GSA Connects 2023 Meeting in Pittsburgh, Pennsylvania

Paper No. 216-2
Presentation Time: 8:25 AM

THEORY AND CLASSIFICATION OF MASS EXTINCTIONS


ALGEO, Thomas, University of CincinnatiGeology, 500 Geology/Physics Building, Cincinnati, OH 45221-0001 and SHEN, Jun, State Key Laboratory of Geological Processes and Mineral Resources, China University of Geosciences, Wuhan, 430074, China

Theory regarding the causation of mass extinctions is in need of systematization. Every mass extinction has both an ultimate cause, i.e., the trigger that leads to various climato-environmental changes, and one or more proximate cause(s), i.e., the specific climato-environmental changes that result in elevated biotic mortality. With regard to ultimate causes, strong cases can be made that bolide impacts, large igneous province eruptions, and bioevolutionary events have each triggered one or more of the Phanerozoic Big Five mass extinctions, whereas other proposed mechanisms (e.g., tectonic forcing, solar flares, gamma bursts, and supernova explosions) remain entirely in the realm of speculation.

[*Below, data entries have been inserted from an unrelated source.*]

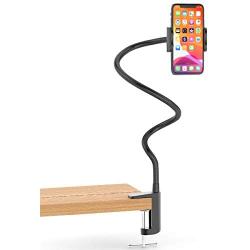 Stainless Steel Gooseneck Cell Phone Holder, Universal 360° Flexible Mobile Phone Stand | Lazy Arm Holder Clamp Mount Bracket Bed Dock for 11 Pro Max Xs X XR 8 Plus S20 S10 Note 20 Note 10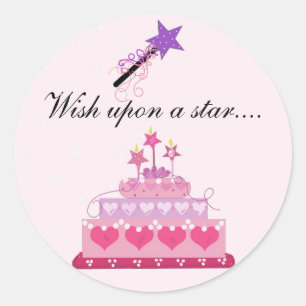 Pretty Cake and Stars with Saying Classic Round Sticker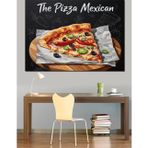 Karizmart Meksika Pizza Üzeri Acı Biber Dekoratif Kanvas - Mdf Ahşap Tablo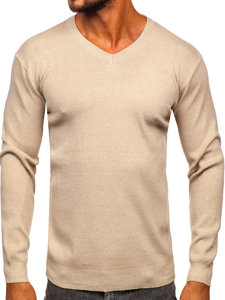 Maglione basic con scollo a V da uomo beige Bolf S8530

With regard to proximate mechanisms, most extinctions can be clearly categorized as either carbon-release or carbon-burial events, the former associated with a nexus of climato-environmental changes that include warming, ocean acidification, reduced productivity, and lower carbonate δ13C values, whereas the latter are associated with cooling, increased productivity, and higher carbonate δ13C values. Mass extinction causation can be usefully classified using a matrix of ultimate and proximate factors, in which the end-Cretaceous bolide impact and end-Permian plus end-Triassic large igneous eruptions were carbon-release events, and the Late Ordovician and Late Devonian were carbon-burial events with bioevolutionary triggers (i.e., the spread of non-vascular and vascular land plants, respectively). The Paleoproterozoic and Neoproterozoic also experienced major carbon-burial episodes with bioevolutionary triggers (i.e., spread of oxygenic cyanobacteria and early metazoans, respectively), possibly accompanied by extinctions among existing biotic communities. The impending Sixth Mass Extinction of the Anthropocene will be a carbon-release event with a bioevolutionary trigger (i.e., human technology), thus representing a new type of biocrisis. Theory regarding mass extinction causation has suffered from insufficiently critical thinking: (1) claims of a common ultimate cause for all mass extinctions are suspect given fundamentally different patterns of proximate climato-environmental causation; and (2) the hypothesis of periodicity in extinctions depended on the now-discredited idea of a common extrinsic mechanism (i.e., bolide impacts).